Activity:
Print out the full material below, exact in every line, with no images included.

Data block:
◇ ◇ ◇ ◇ ◇ ◇ ◇

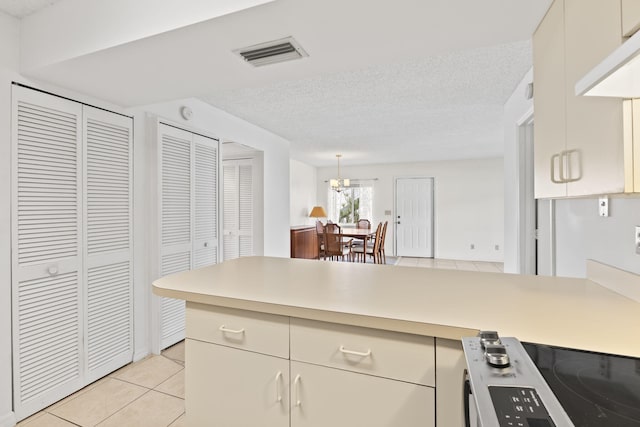 218 SE Village Dr Unit 218, Port Saint Lucie, FL 34952 - kitchen with a peninsula, light countertops, light tile patterned floors, electric range, and a chandelier
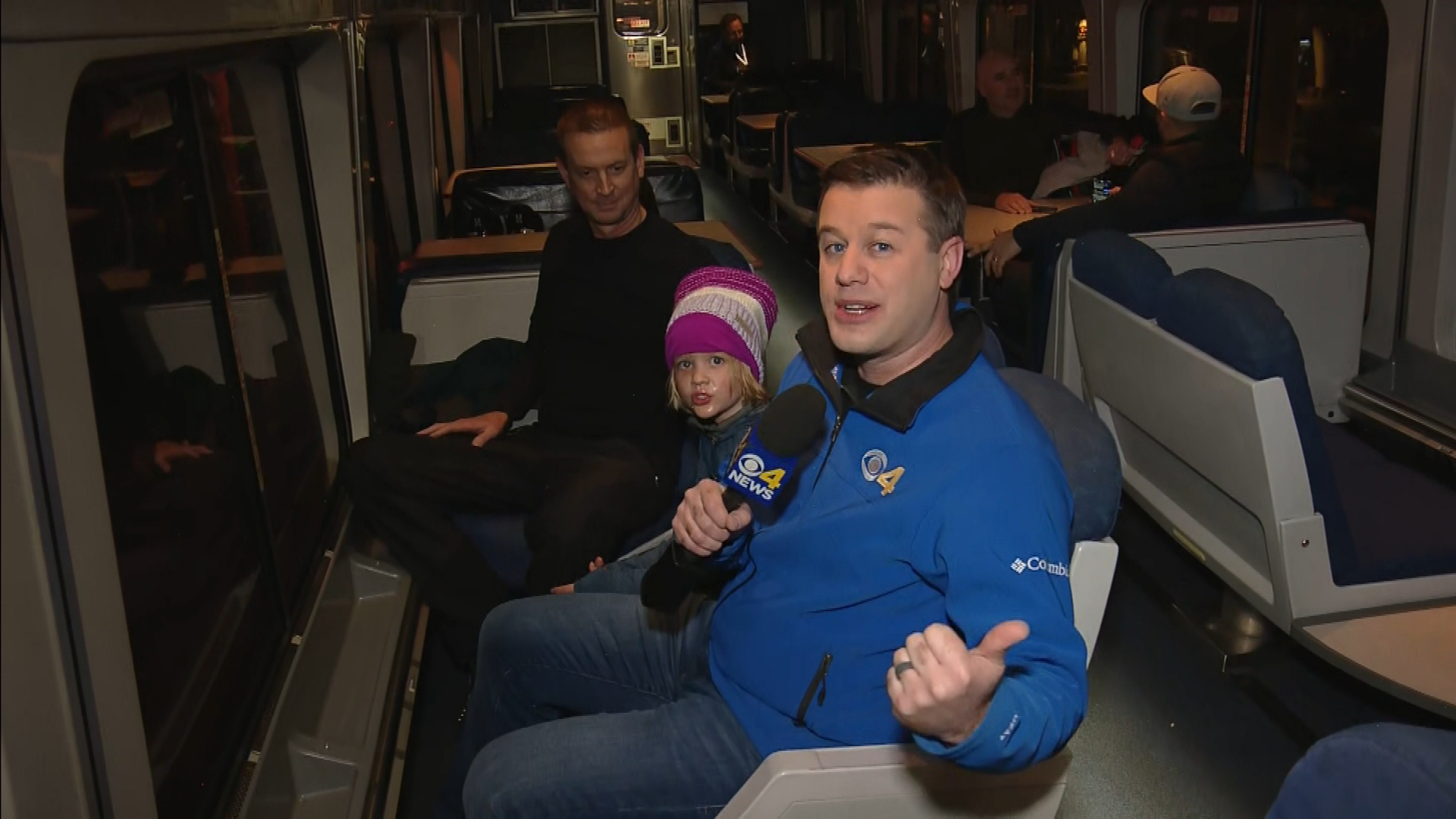 CBS4's Ashton Altieri interviews a family on the ski train on Friday morning.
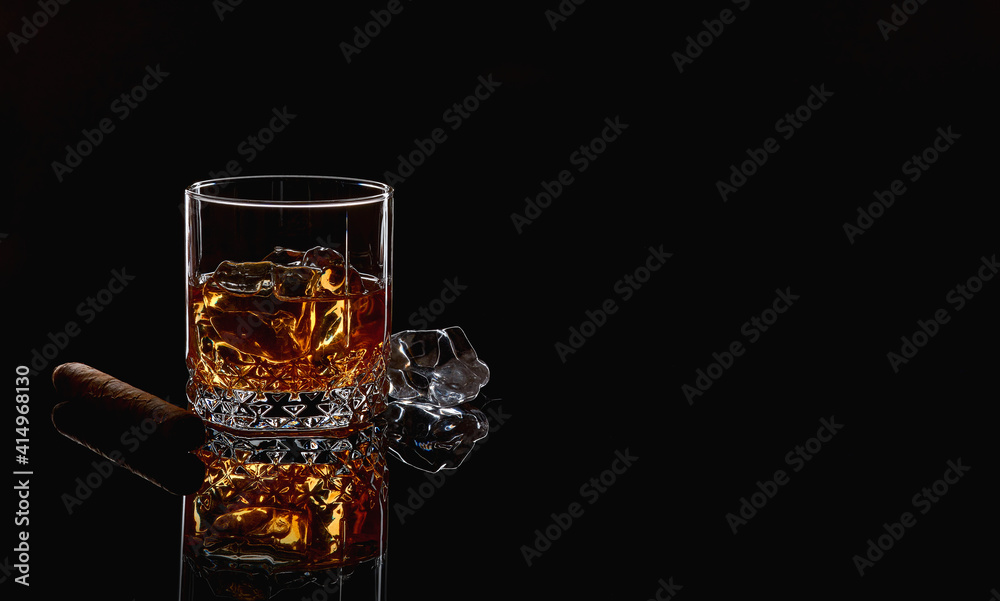 Whiskey with ice or brandy in glass with cigar on black background. Whisky  with ice in glass. Whiskey or brandy. Selective focus. Stock-Foto | Adobe  Stock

◇ ◇ ◇ ◇ ◇ ◇ ◇

Expected output:
 218 SE Village Dr Unit 218, Port Saint Lucie, FL 34952 - kitchen with a peninsula, light countertops, light tile patterned floors, electric range, and a chandelier
 CBS4's Ashton Altieri interviews a family on the ski train on Friday morning.
 Whiskey with ice or brandy in glass with cigar on black background. Whisky  with ice in glass. Whiskey or brandy. Selective focus. Stock-Foto | Adobe  Stock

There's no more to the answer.